High Line

New York City isn’t the sort of place that immediately springs to mind when one thinks of walking but the city is a treasurehouse for urban exploration. Walking – with a little bit of assistance from the city’s comprehensive bus and subway system – is by far the best way to get under the skin of the ‘Big Apple’ and, to squeeze the life out of this hackneyed metaphor, who knows what you might find – pips, juicy flesh,  maybe even a worm or two?Unlike many American cities, where the assumption is that people prefer to move around in noisy mobile metal boxes, New York is a relatively pedestrian-friendly place. For a wholesome, petrochemical-free experience, there’s always Central Park, but for the past year or so there has been another traffic-free route through Manhattan’s West Side that has transformed a pre-exisiting industrial conduit to a green pedestrian byway.

New York’s High Line, a mile and a half of raised walkway above the working class neighbourhoods of the West Side, was once part of an elevated railway that was built in the 1930s to shift goods to and from the slaughterhouses and packing plants of the Meatpacking District around Gansevoort Street. Defunct by the mid 1980s, the rail line has since been lovingly transformed into a fine green artery that links that same meaty neighbourhood with West 34th Street in Hell’s Kitchen to the north. In place of sleepers and railtracks a landscaped walkway now threads along its length, which is lined on both sides by plentiful benches and seating areas, and long leafy borders filled with grasses, perennials and shrubs. To add a bit of glamour, the Empire State Building peeks above the surrounding city roofline at regular intervals as a reminder that Midtown’s architectural bling is really not so far away.

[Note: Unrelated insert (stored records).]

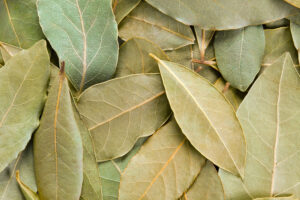 El Antiséptico Natural para las Amigdalitis: Laurel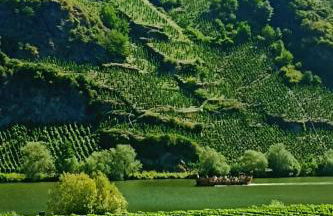 Ferienwohnung mit Blick auf die Moselloreley - Foto 15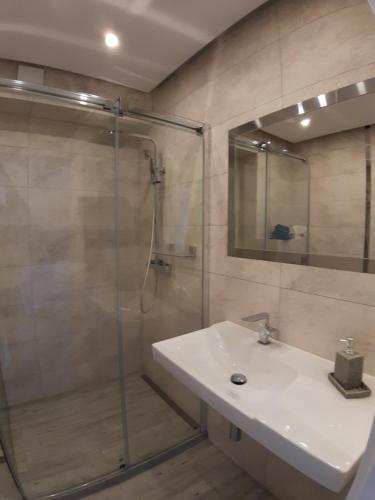 a bathroom with a sink and a glass shower at Gardenia Seaside Apartament 34 in Dziwnów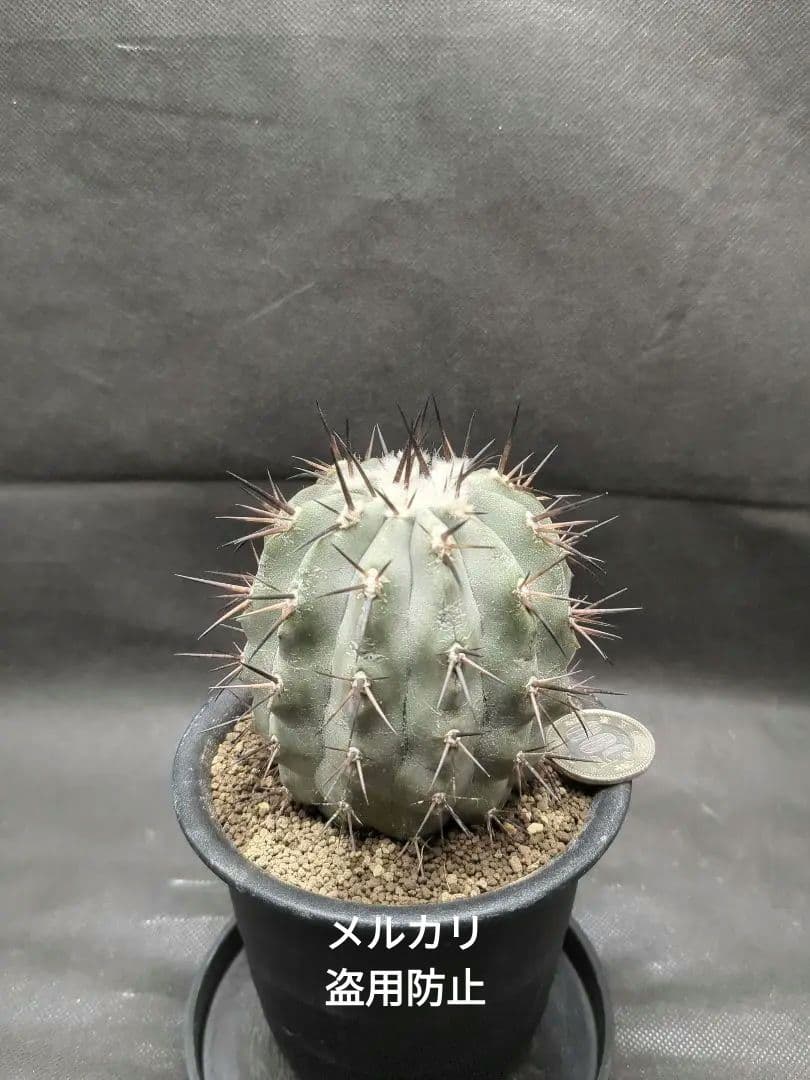 選抜株　Copiapoa　コピアポア シネレア　黒王丸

The real beauty of the High Line is that it does not really have any specific sight to see at either end – the Meatpacking District was never a big tourist draw, although the neighbourhood is currently on the up and being gentrified faster than you can say ‘sushi bar’. Sometime in the future there will be a new American art museum built at Gansevoort Street but, for the time being, rather than any particular goal, the attraction is the High Line itself – the walking of it. What better way to take in the city than to stroll above the streets and buildings where New Yorkers actually work and play out their lives?

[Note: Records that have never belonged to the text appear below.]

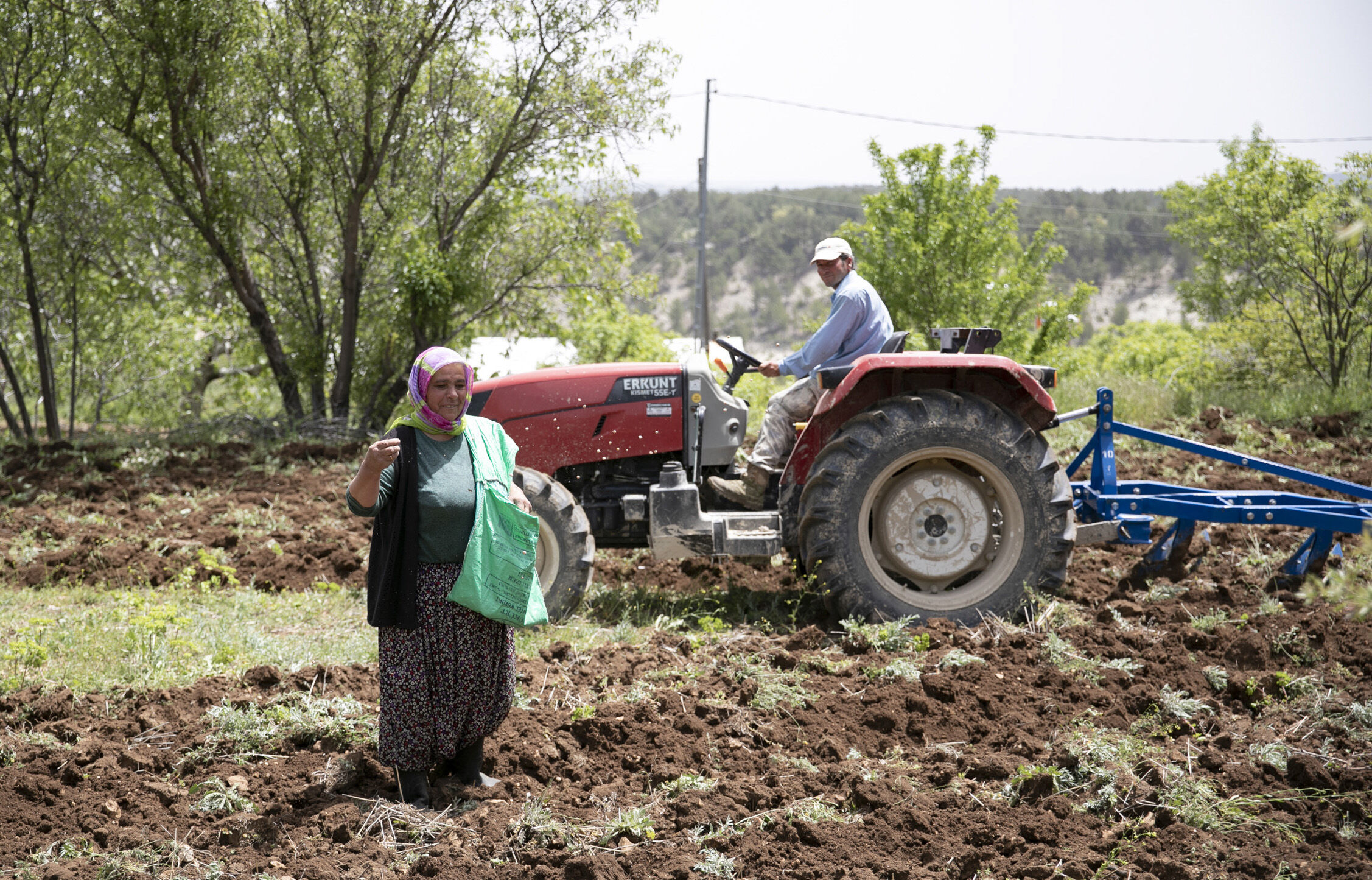 Mersi̇n Büyükşehi̇r Beledi̇yesi̇ Atalik Tohumlari Gelecek Nesi̇llere Aktariyor (7)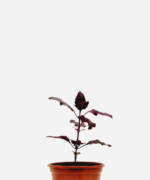Manjericão Italiano Roxo (<em>Ocimum basilicum</em> var. <em>purpurascens</em>)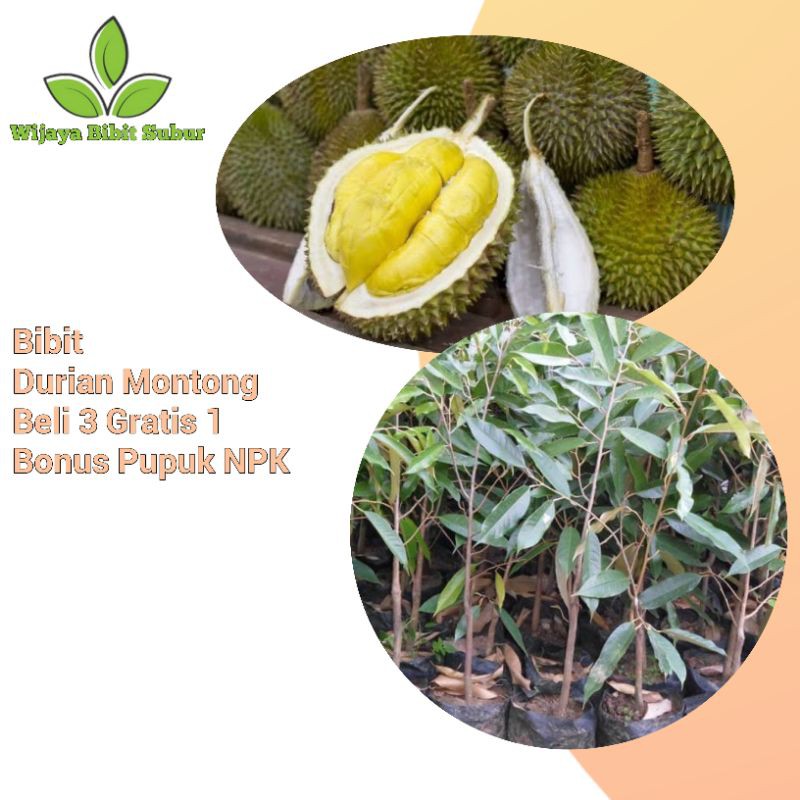 Bibit Tanaman Buah Durian Montong-Bibit Durian Montong-Bibit Buah Durian Montong super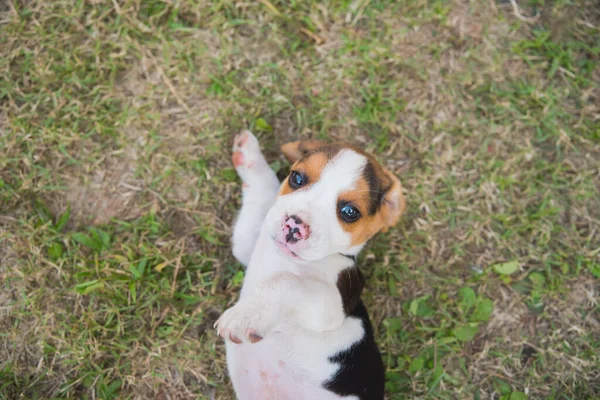 Welpe Beagle Spielt Auf Dem Rasenboden — Stockfoto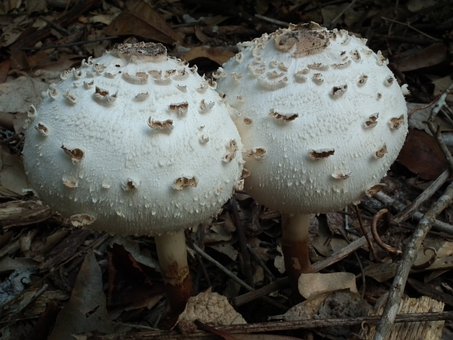 ����Ӫ��ʵսָ�ϣ���ÿһ����Ϣ����Ч����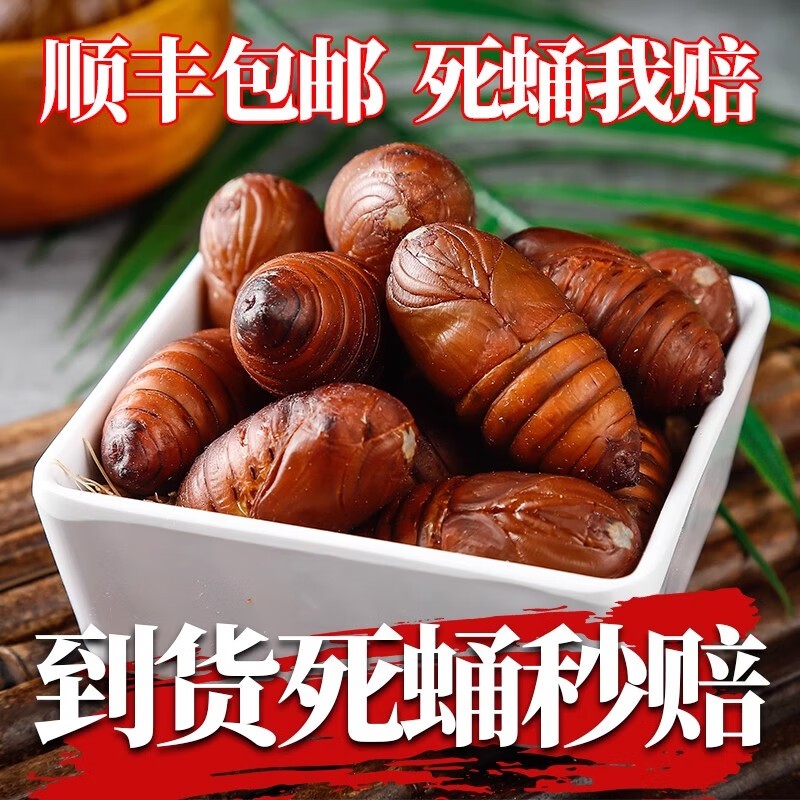 品吉味蚕蛹 东北特产柞树蚕蛹 鲜活个大 500g 顺丰  活体蝉蛹 黄茧蛹 大二黄蚕蛹一斤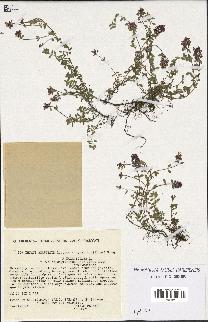 spécimen de Thymus serpyllum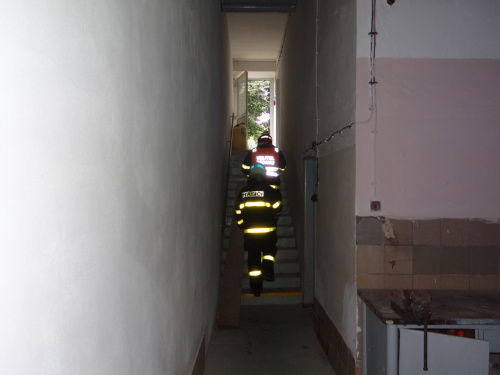 unikchlorrehustavHrabyne (OP) (3).JPG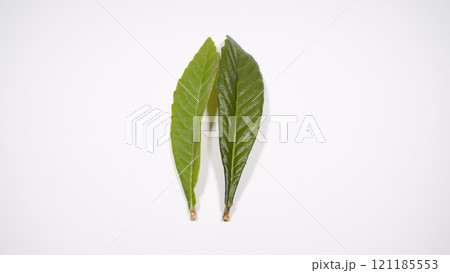 ビワの葉 121185553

Technically speaking, the High Line is an urban park rather than a mere thoroughfare. Its not just for tourists but a place filled with office workers eating sandwiches and  friends taking a stroll together – native New Yorkers looking down on the streets they have known all their lives and seeing them from a fresh perspective. It is also quite remarkably crime-free.

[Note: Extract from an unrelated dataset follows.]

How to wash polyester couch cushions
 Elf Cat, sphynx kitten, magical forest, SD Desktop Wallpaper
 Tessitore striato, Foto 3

Halfway along, just south of Hell’s Kitchen, the route runs through the West Chelsea district and anyone wishing to pay homage to Sid Vicious or Dylan Thomas (who both died here), or Jack Kerouac, Bob Dylan or Joni Mitchell (who all embraced its muse), could do worse than make a short pilgrimage to visit the famous Chelsea Hotel at West 23rd Street. Sadly, the hotel has recently been bought up by a developer and is no longer open to ‘receive new guests’, so artists, writers and rock stars in search of a creative Bohemian atmosphere or a suitable venue for high-spirited shenannigans are now obliged to look elsewhere.